Depuis quatre ans, l’installation a été présentée un peu partout en Europe, à Vienne (Autriche), à Bruxelles, à Avignon (Le Monde du 15 juillet 2013), à Paris (au 104, en novembre 2013), sans faire l’objet de polémiques. Partout elle a été un choc émotionnel. Le public n’avait – à juste titre – pas le moindre doute sur le sens du message délivré par l’artiste quant à l’idéologie colonialiste.

Mais à Berlin, déjà, en octobre 2012, certaines formations d’extrême-gauche se sont émues de la position dans laquelle se retrouvaient les performeurs. La controverse a véritablement commencé quand Exhibit B est arrivé au Royaume-Uni, au Festival d’Edimbourg en août, puis à Londres, où l’installation devait être présentée au Barbican Centre en septembre, et où elle a été déprogrammée à la suite de pressions accusant l’œuvre de racisme.

« Exhibit B », une évocation des «zoos humains» qui scandalise (3)

Une pétition pour interdire l’œuvre

En France, où Exhibit B doit à nouveau être présenté, à partir de jeudi 27 novembre, au Théâtre Gérard-Philipe de Saint-Denis puis au 104 (après Poitiers, où elle a été montrée dans le calme du 14 au 16 novembre), la polémique a commencé de manière larvée en octobre, avant de prendre ces derniers jours des proportions beaucoup plus importantes. Une pétition lancée sur Internet par John Mullen, un « militant anticapitaliste », et visant à faire interdire l’œuvre, a recueilli plus de vingt mille signatures. Une manifestation est prévue ce jeudi à Saint-Denis devant le Théâtre Gérard-Philipe, dans le but, pour une partie au moins des participants, d’empêcher l’ouverture de l’installation.

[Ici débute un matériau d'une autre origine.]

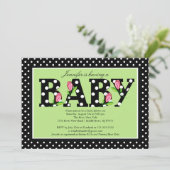 Black Green Polka Dot "baby" Baby shower Kaart (Staand voorkant)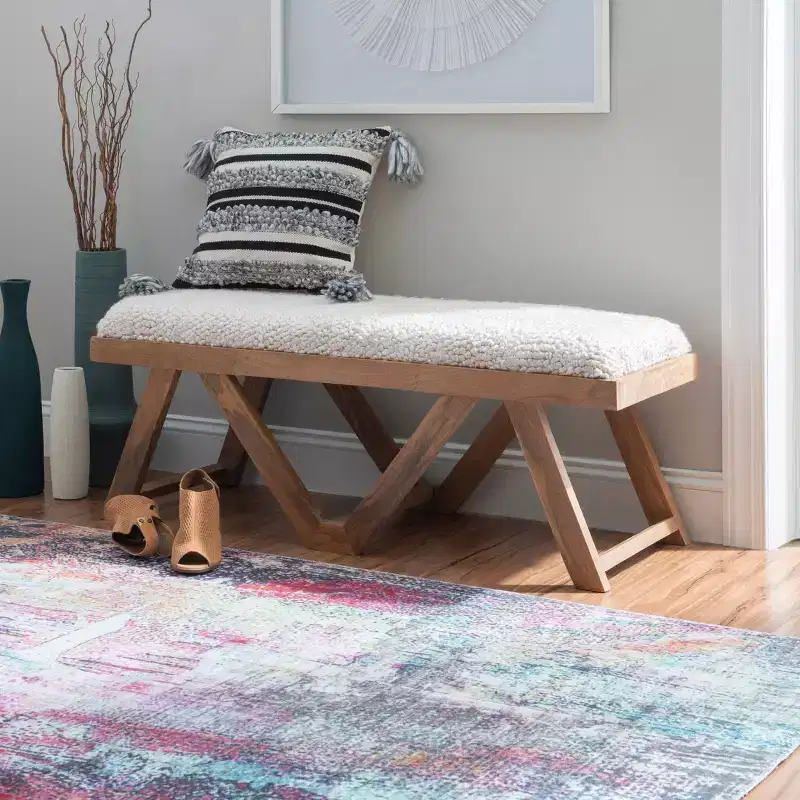 45° Boho Solid Mango Wood Bench Textured Cream Fabric Upholstered Bench Brown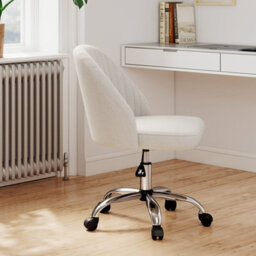 Gainoom Beige Office Chair Modern Armless Desk Chair Height Adjustable Swivel Vanity Chair With Smooth Rolling Casters - thumbnail 9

Exhibit B, que la plupart des personnes à l’origine de ce mouvement n’ont pas vu, provoque de vifs débats notamment dans la communauté noire. Il y a ceux qui dénient purement et simplement à Brett Bailey, en tant que Blanc, de s’arroger le droit de faire œuvre à partir de l’histoire des Noirs. Et il y a ceux qui s’interrogent sur la position dans laquelle sont mis les performeurs noirs ainsi « exhibés » au regard.

« Exhibit B », une évocation des «zoos humains» qui scandalise (4)

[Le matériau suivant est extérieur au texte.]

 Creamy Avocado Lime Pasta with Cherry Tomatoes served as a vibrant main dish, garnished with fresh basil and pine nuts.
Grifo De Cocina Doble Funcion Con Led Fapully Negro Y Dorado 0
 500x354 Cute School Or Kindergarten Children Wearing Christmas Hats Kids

Or c’est bien cette question du regard qui doit être au centre de toute réflexion sur l’œuvre. Il faut avoir vu Exhibit B, et pas seulement les photos qui en ont été publiées dans la presse ou sur Internet, pour comprendre à quel point tout ici se joue sur l’échange de regards entre les spectateurs et les performeurs. Et dans tous les cas, il faut bien avoir vu l’installation pour pouvoir juger des effets qu’elle produit. L’interdiction d’une œuvre n’est jamais le meilleur moyen de susciter un débat toujours salutaire.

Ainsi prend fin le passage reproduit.